Task brief: At the line containing "广西建材市场剖析：批发商的角色与未来趋势", begin an exact copy of the lines below and continue through the final one, with no pictures.

Data segment:
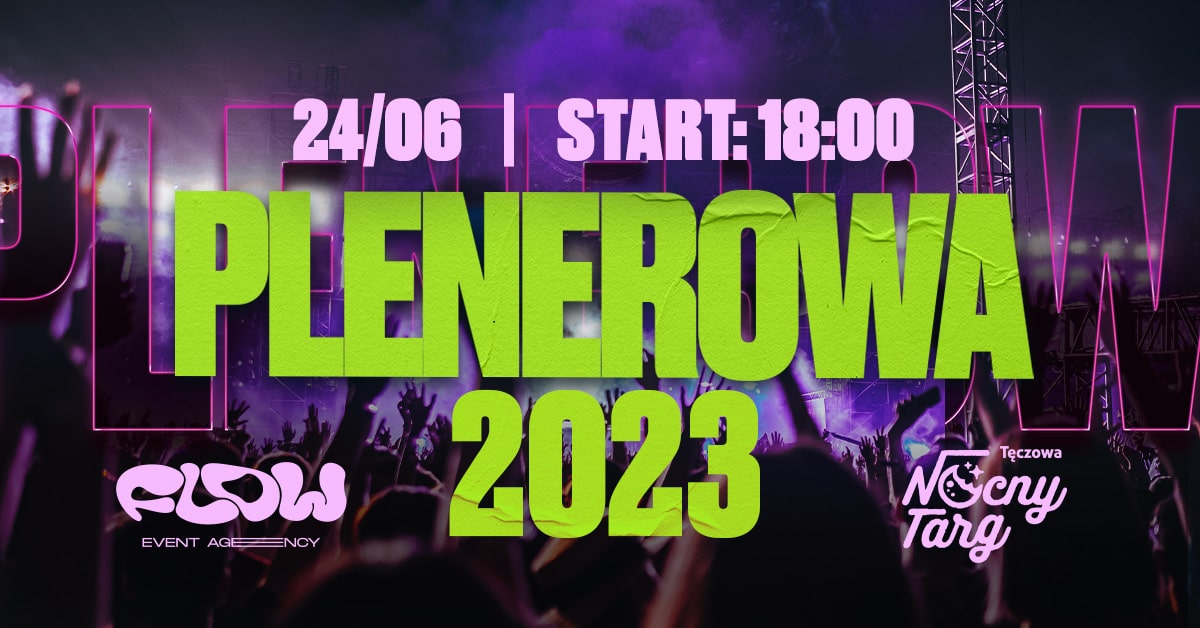 PLENEROWA 2023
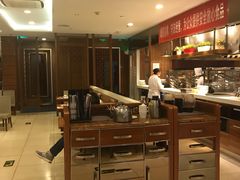 -东方饺子王(大屯路店)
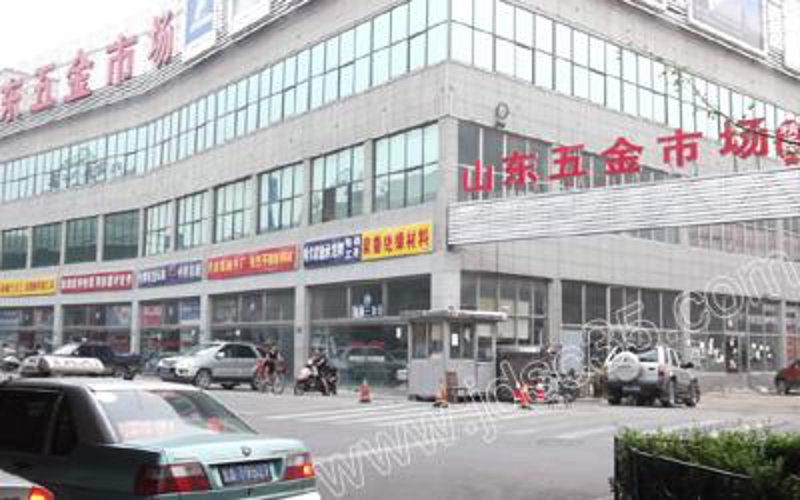 广西建材市场剖析：批发商的角色与未来趋势
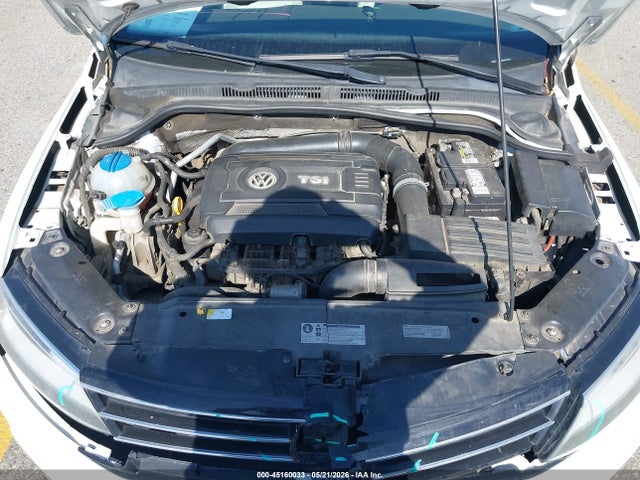 Volkswagen Jetta 1.8t Sport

Written solution:
 广西建材市场剖析：批发商的角色与未来趋势
 Volkswagen Jetta 1.8t Sport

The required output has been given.